Excerpt from Remarks of Michigan Supreme Court Chief Justice Maura D. Corrigan to House/Senate Judiciary Committee, Tuesday, June 22, 2004:
When it comes to improving our foster care system and the judicial branch’s role in that system, we’ve had a series of thumps on the head, the most recent of which is the wave of federal audits that our state has undergone.
Beginning in 1999, Michigan underwent an HHS sponsored Child and Family Services review, which was directed primarily at the Family Independence Agency but also criticized the work of our trial courts. One of CFS’ findings was that Michigan courts are not consistently holding permanency planning hearings at least once every 12 months. In addition, when courts did hold such hearings, the focus was not always on advancing permanency. In other words, some courts were not moving foster children toward permanent homes. Our statutes have more stringent timelines than the federal Adoption and Safe Families Act requires, and our state wasn’t meeting our own statutory guidelines. In effect, we were penalizing ourselves. Recently, federal authorities approved a program improvement plan that resulted from that audit, so the pressure is on our state now to comply – or face $2.5 million in federal penalties.

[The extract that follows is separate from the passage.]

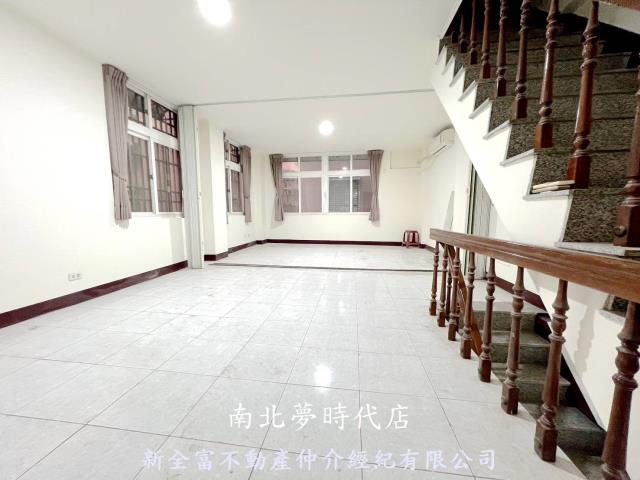台南美美房屋 永康龍埔街34大地坪邊間採光透天 照片 5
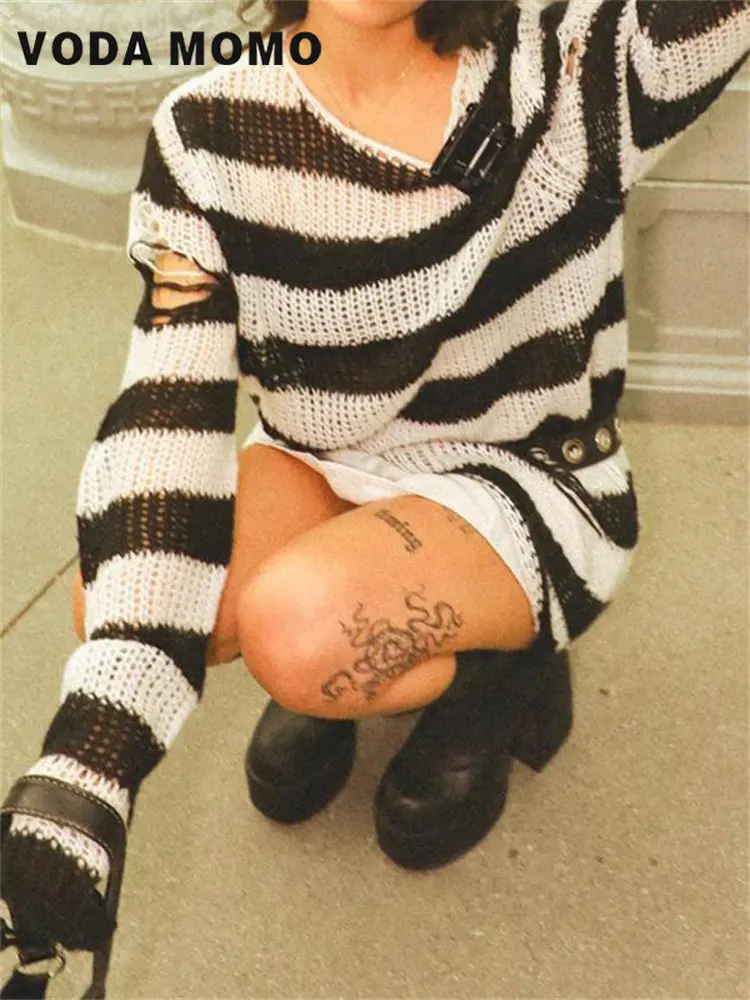 2022 autumn Fashion Loose Rock Thin Streetwear Top Women Striped Punk Gothic Long Sweater Cool Hollow Out Hole Broken Jumper
2022 autumn Fashion Loose Rock Thin Streetwear Top Women Striped Punk Gothic Long Sweater Cool Hollow Out Hole Broken Jumper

Our state just completed – and failed — another audit, this time having to do with the Social Security Act
Title IV-E funding for children in foster care. I strongly disagree with the audit’s conclusions. To me, it seems that the federal government is coming into our state and telling state judges how to word court orders, and telling us to do so in ways that elevate form over substance. We have appealed from the results of that audit. But in anticipation of future audits, we need to make sure that Michigan’s calculation of statutory time frames tracks ASFA’s requirements. Not only do we need to follow the federal timelines, but we also have to make sure that the event that triggers those timelines is the same one for both state and federal law. And, if we fail next year’s follow-up audit by the same percentage, our state will be penalized about $37 million in lost federal aid, in addition to the penalties from the Child and Family Services review.
To say all this is not to suggest that Michigan’s foster care system is somehow uniquely flawed. I had the good fortune to serve on the Pew Commission on Children in Foster Care, which released its final report last month. We recognized that foster care is a national problem. But, like the threat of death, the possibility of paying huge penalties tends to focus the mind wonderfully.

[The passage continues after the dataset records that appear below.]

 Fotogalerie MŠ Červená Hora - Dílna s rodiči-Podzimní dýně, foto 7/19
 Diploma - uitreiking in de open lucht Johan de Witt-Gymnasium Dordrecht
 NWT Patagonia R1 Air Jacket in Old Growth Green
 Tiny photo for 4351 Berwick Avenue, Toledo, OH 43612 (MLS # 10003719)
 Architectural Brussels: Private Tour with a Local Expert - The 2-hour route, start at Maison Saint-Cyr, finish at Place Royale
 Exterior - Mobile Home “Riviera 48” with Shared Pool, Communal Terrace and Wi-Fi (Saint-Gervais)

We in the judicial branch have taken a hard look at the way we handle cases involving children in foster care. We have implemented several reforms. Both the Supreme Court and the Court of Appeals have made dependency cases, which is to say disputes over termination of parental rights and custody, a top priority. Both courts tag these cases as soon as they come in. The chief judge of the Court of Appeals and I personally monitor each such case in our respective courts every week. We’ve reduced unnecessary appellate delays in these cases by shortening some court filing deadlines and, in the Supreme Court, doing away with delayed appeals in dependency cases.

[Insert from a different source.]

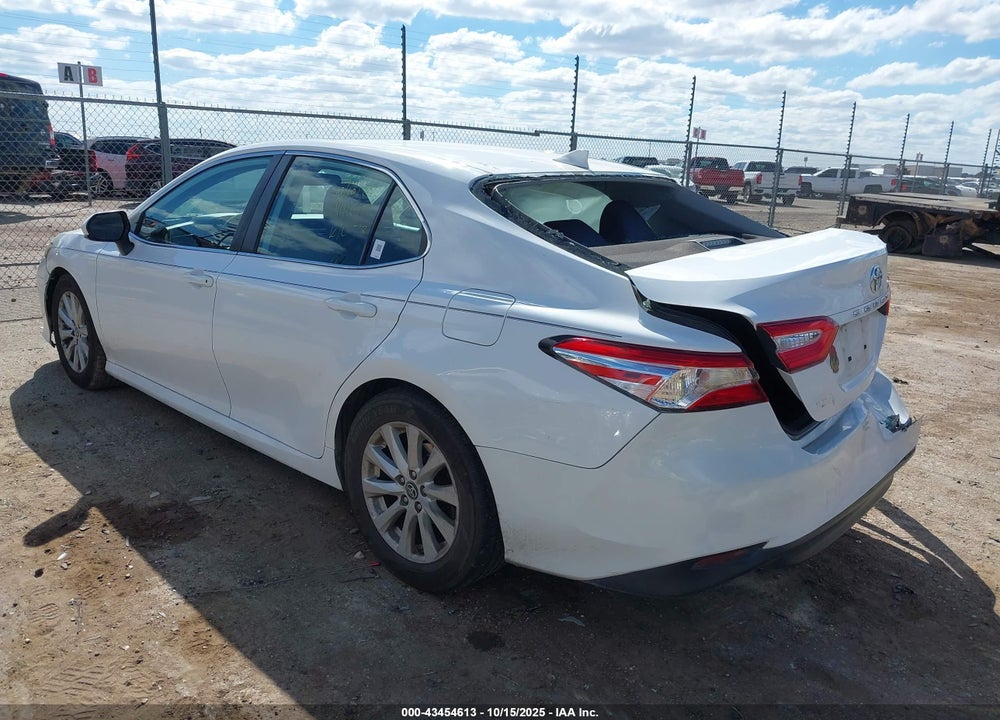 2019 TOYOTA CAMRY LE VIN: 4T1B11HK7KU243717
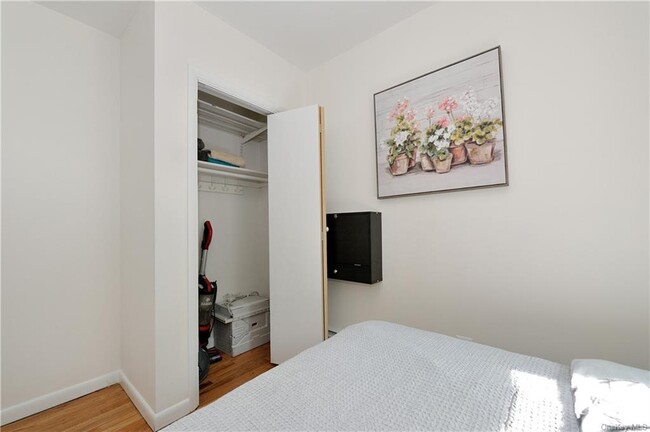 Building Photo - 356 W 37th St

Our studies have found that a number of lawyer guardians ad litem, or LGALs, were not meeting with the children they were appointed to represent. In response, our State Court Administrative Office instituted a new requirement for LGALs: in order to be compensated for a court hearing, the LGAL must also submit an affidavit that he or she has met with the child. Since that requirement went into effect, I’ve heard from many attorneys who do this work, and they have made valid points. The current requirement is that the attorney meets face-to-face with the child before every hearing. I do recognize that attorneys who work in this field often take on many cases for low pay. It’s also true that the current visitation requirement can be extremely burdensome, especially where the child lives out of state or at a significant distance from the attorney. Good lawyers are leaving this practice area because of the low pay and difficult conditions, and we can ill afford to lose them from the ranks of those who represent children.